YOUR INSTRUCTIONS
Repeat the data exactly, please; no pictures belong in the copy.

◆ ◆ ◆

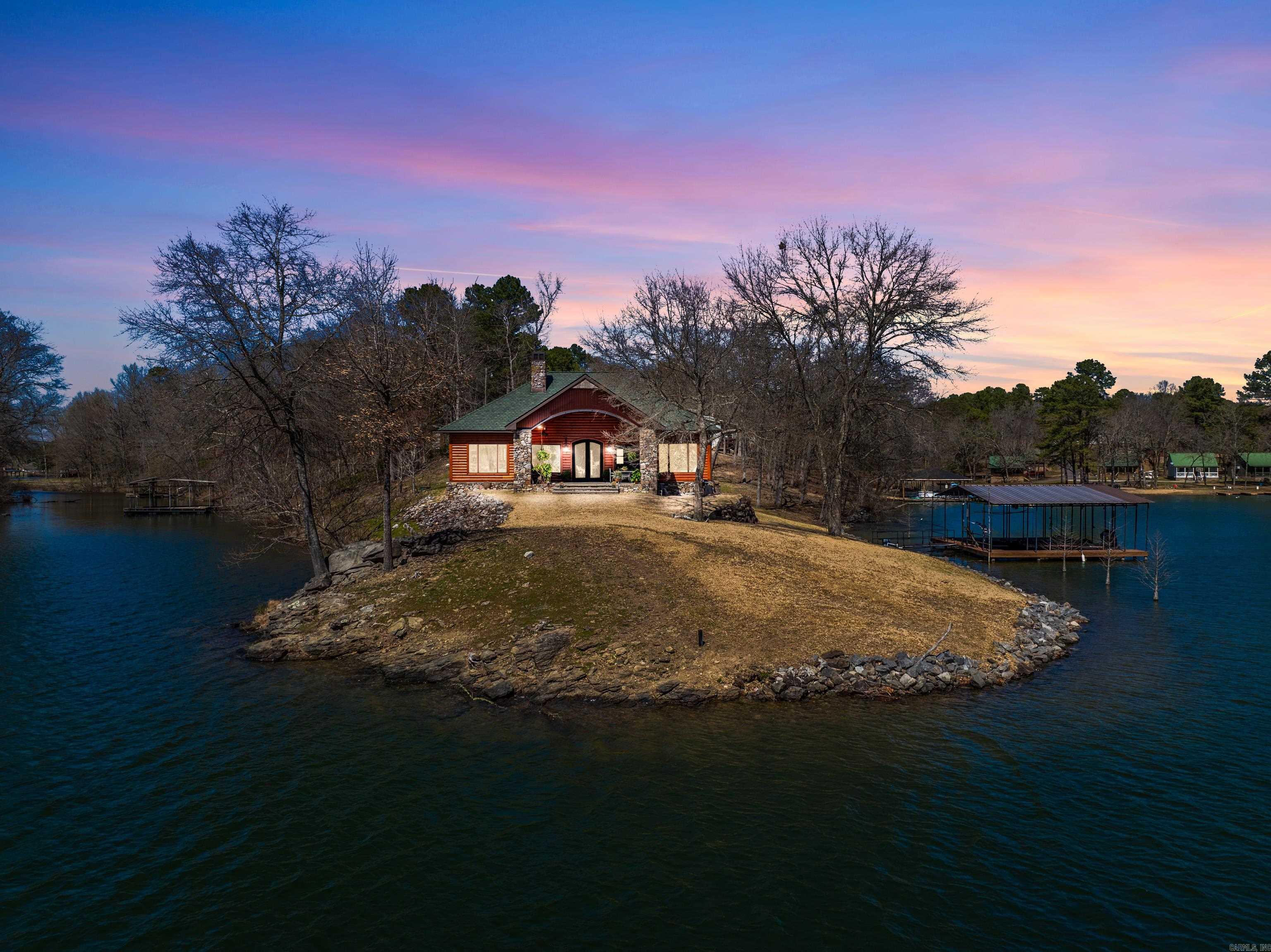 168  Golden Oak  Hot Springs, AR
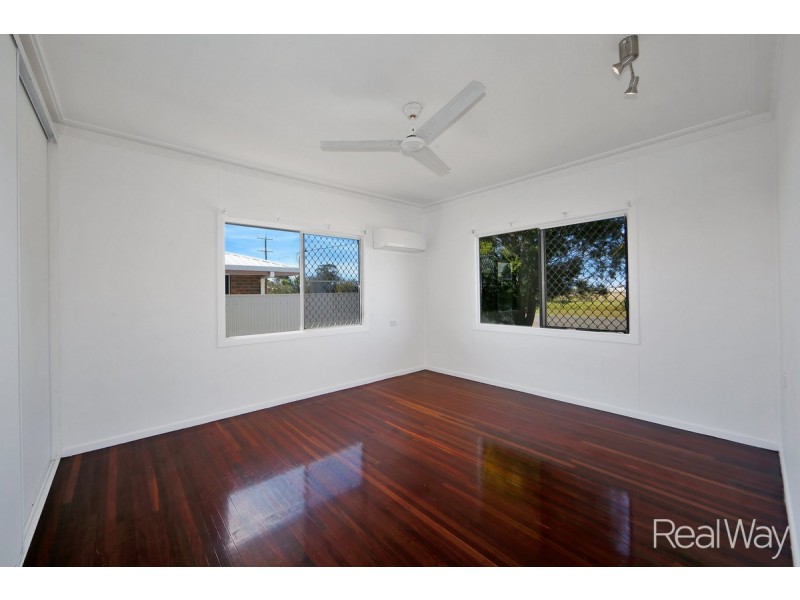 1 Lovers Walk, Thabeban QLD 4670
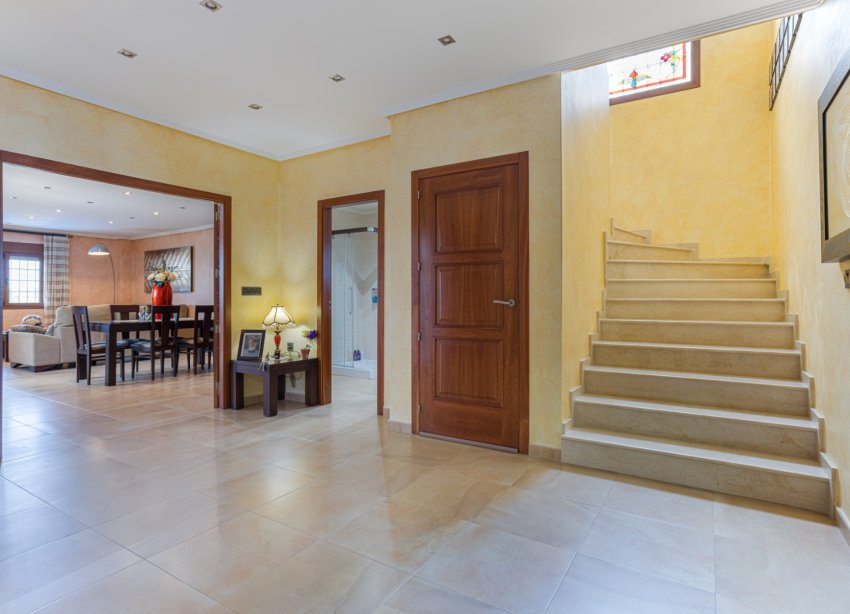 Reventa - Villa - Los Montesinos - La Herrada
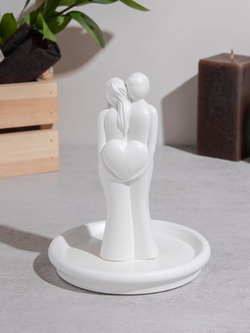Статуэтка Пара с сердцем на подставке круг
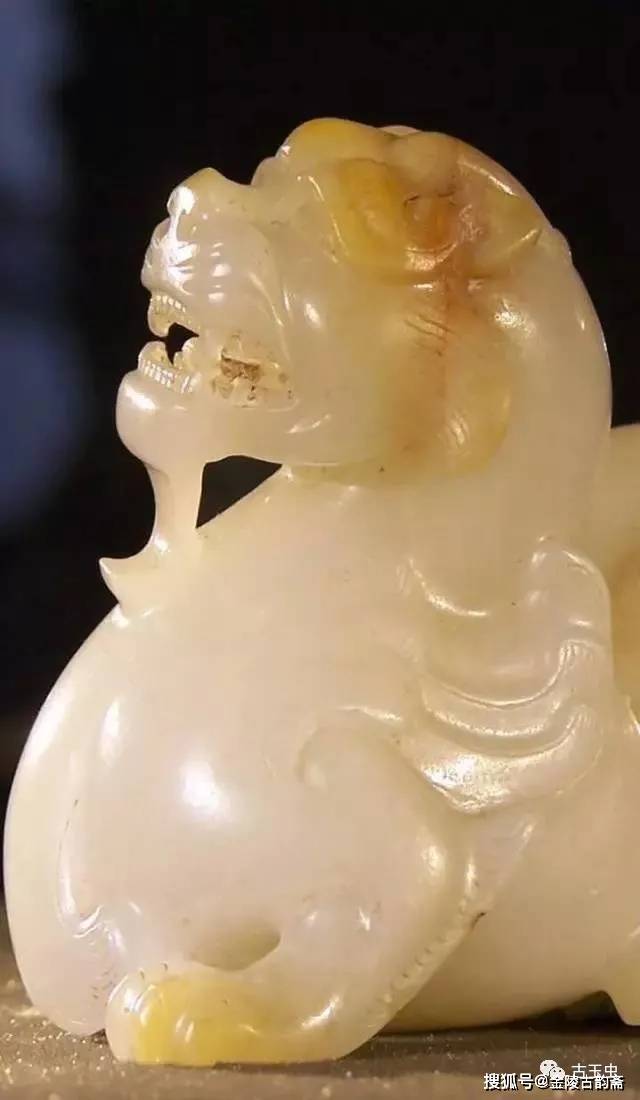 【 天然白翡翠 辟邪俑根付 】　倣古葬玉　明～清朝期　中華古玩 天然白翡翠 辟邪俑根付 】倣古葬玉明～清朝期中華古玩L0205F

◆ ◆ ◆

PROBLEM SOLUTION
 168  Golden Oak  Hot Springs, AR
 1 Lovers Walk, Thabeban QLD 4670
 Reventa - Villa - Los Montesinos - La Herrada
Статуэтка Пара с сердцем на подставке круг
 【 天然白翡翠 辟邪俑根付 】　倣古葬玉　明～清朝期　中華古玩 天然白翡翠 辟邪俑根付 】倣古葬玉明～清朝期中華古玩L0205F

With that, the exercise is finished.